▶ _WHAT YOU ARE ASKED TO DO_
In the listing that follows, the range to quote begins at the line that has "VONDA Plus Size" and ends after the line that has "1 шт. постельное"; quote it verbatim and add nothing.

▶ _DATA SHOWN_
┌──

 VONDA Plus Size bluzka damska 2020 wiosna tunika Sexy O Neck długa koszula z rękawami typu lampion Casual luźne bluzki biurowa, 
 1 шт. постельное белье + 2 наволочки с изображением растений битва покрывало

└──
┌──

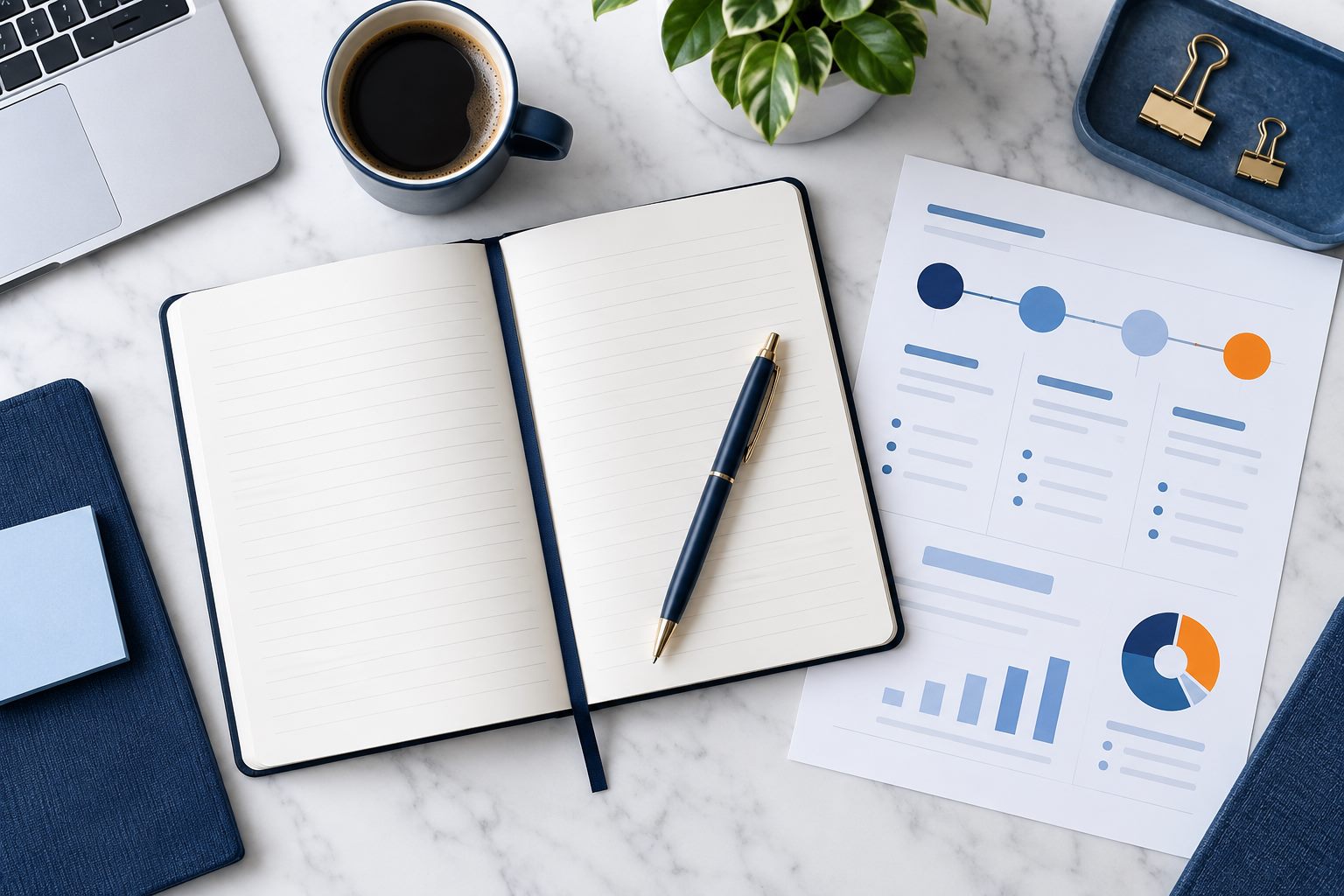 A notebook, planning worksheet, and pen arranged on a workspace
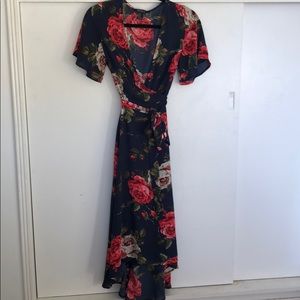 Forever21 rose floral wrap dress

└──

▶ _RESULT OF THIS EXERCISE_
 VONDA Plus Size bluzka damska 2020 wiosna tunika Sexy O Neck długa koszula z rękawami typu lampion Casual luźne bluzki biurowa, 
 1 шт. постельное белье + 2 наволочки с изображением растений битва покрывало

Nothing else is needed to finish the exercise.